Besides that, the Jet 9 frame is equipped with pretty standard stuff in today’s market. It has full sleeve internal cable routing, 148 x 12 mm Boost rear hub spacing, oversized Enduro Max pivot bearings, and is set up to accept a 180 mm rotor out back. The frame comes with downtube protection, can fit a 29” wheel up to around 2.6 inches wide, and is covered by a lifetime warranty. The rear shock is a 165 x 45 mm trunnion version.

Fit & Geometry

The Jet 9 comes in four different frame sizes, Small through XL, with reach numbers starting at 425 mm for the size Small, then growing by 25 mm per size. Our size LG Jet 9 has a 475 mm reach (high setting), which is pretty standard for today’s short-travel trail bikes. In the high setting, it has a 66.5º head tube angle, 76º effective seat tube angle, and 430 mm chainstays for all sizes. The bike ships in the “high” geometry setting, but can be adjusted to the “low” setting to slacken the HTA and STA out by half a degree each, shorten the reach by 6 mm, and drop the bottom bracket by 8 mm.

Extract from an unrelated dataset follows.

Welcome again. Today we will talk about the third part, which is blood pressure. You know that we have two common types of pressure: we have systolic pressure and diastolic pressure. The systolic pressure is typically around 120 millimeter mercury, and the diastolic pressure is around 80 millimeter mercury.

Dylan Wood reviews the Niner Jet 9 RDO for Blister
Niner Jet 9 RDO – Geometry Chart (click to expand)

Nothing really pops out from the geometry chart for the Niner Jet 9 — it’s pretty standard fare for a short-travel trail bike that’s meant to bridge the gap between XC race rigs and longer-travel, more aggressive options. Overall, everything seems to match this bike’s intended use and it looks cohesive as a whole.

The Builds

Niner offers the Jet 9 RDO in six different build kits, ranging from the SRAM SX Eagle-specd “2-star” build kit all the way up to a “5-star” build kit complete with carbon wheels, Fox Factory suspension, and a SRAM XO1 AXS drivetrain. There aren’t any truly entry-level builds here, and Niner seems to be taking a more well-rounded approach to their build kits, rather than prioritizing one or two components over the others in each of their build kits. However, it is worth mentioning that every build kit except for the cheapest comes with Fox Factory-level suspension.

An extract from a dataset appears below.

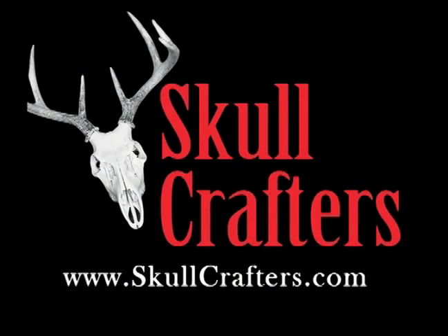With the proper care and maintenance of your skulls, they will last a lifetime. And when you think of quality skulls, think of Skull Crafters Taxidermy.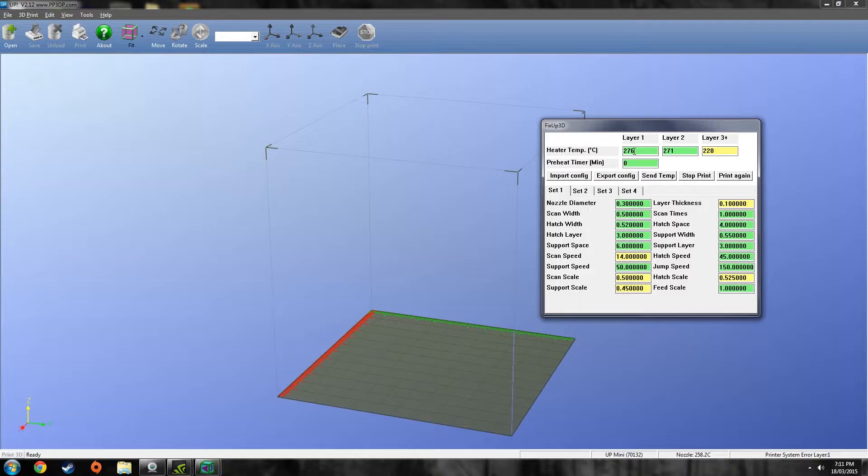Layer one traditionally would be quite high, so let's make it 270, then drop it down to 260. Layer three plus is once it's starting to build past the raft and starting to build the part — that's where it's usually around 260 to 270. That's too high for generic ABS; it actually makes it melt too much and stick to the raft too much. So with this stuff — this is X3D ABS filament — I dropped it down to 220, and it worked perfectly.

Dylan Wood reviews the Niner Jet 9 RDO for Blister
Niner Jet 9 RDO 4-Star Shimano XT

For reference, the complete build options are as follows:

  • Fork: Fox 36 Float Rhythm
  • Shock: Fox Float X Performance
  • Drivetrain: SRAM SX
  • Brakes: SRAM Level, 180 mm CleanSweep rotors
  • Wheels: Niner Alloy 30 mm rims / Niner Boost hubs
  • Dropper Post: KS Lev Si
  • Fork: Fox 34 Float Factory
  • Shock: Fox Float X Factory
  • Drivetrain: SRAM GX
  • Brakes: SRAM G2 R, 180 mm Centerline X rotors
  • Wheels: DT Swiss M1900 Spline 30 / DT Swiss 370 Centerlock hubs
  • Dropper Post: KS Lev Si
  • Fork: Fox 34 Float Factory
  • Shock: Fox Float X Factory
  • Drivetrain: SRAM GX AXS
  • Brakes: SRAM G2 R, 180 mm Centerline X rotors
  • Wheels: DT Swiss M1900 Spline 30 / DT Swiss 370 Centerlock hubs
  • Dropper Post: KS Lev Si
  • Fork: Fox 34 Float Factory
  • Shock: Fox Float X Factory (note: our test bike has the Fox DPX2 Performance Elite)
  • Drivetrain: Shimano XT M8100
  • Brakes: Shimano XT M8120, 180 mm MT800 rotors
  • Wheels: DT Swiss M1700 Spline 30 / DT Swiss 350 Centerlock hubs (note: our test bike has Industry Nine Enduro S rims laced to I9 1/1 hubs)
  • Dropper Post: KS Lev Si
  • Fork: Fox 34 Float Factory
  • Shock: Fox Float X Factory
  • Drivetrain: SRAM X01
  • Brakes: SRAM G2 RSC, 180 mm Centerline X rotors
  • Wheels: DT Swiss XMC 1501 Spline 30 / DT Swiss 240 Centerlock hubs
  • Dropper Post: KS Lev Si
  • Fork: Fox 34 Float Factory
  • Shock: Fox Float X Factory
  • Drivetrain: SRAM X01 AXS
  • Brakes: SRAM G2 Ultimate, 180 mm HS2 rotors
  • Wheels: DT Swiss XMC 1200 Spline 30 / DT Swiss 180 Centerlock hubs
  • Dropper Post: KS Lev Si

All the builds get Schwalbe Nobby Nic tires with Super Trail TLE Addix Speedgrip rubber compounds. The Jet 9 comes stock with a 2.6-inch tire up front and a 2.35-inch tire in the rear. Our test bike has 2.6-inch Nobby Nics front and rear.

Full Review

Dylan Wood: I spent the majority of my early bike season on the Niner Jet 9 RDO, riding everything from mellow XC trails to sections in which I maybe should’ve used an Enduro bike. Luke Koppa also spent a few weeks on it, so we’ll both be chiming in here.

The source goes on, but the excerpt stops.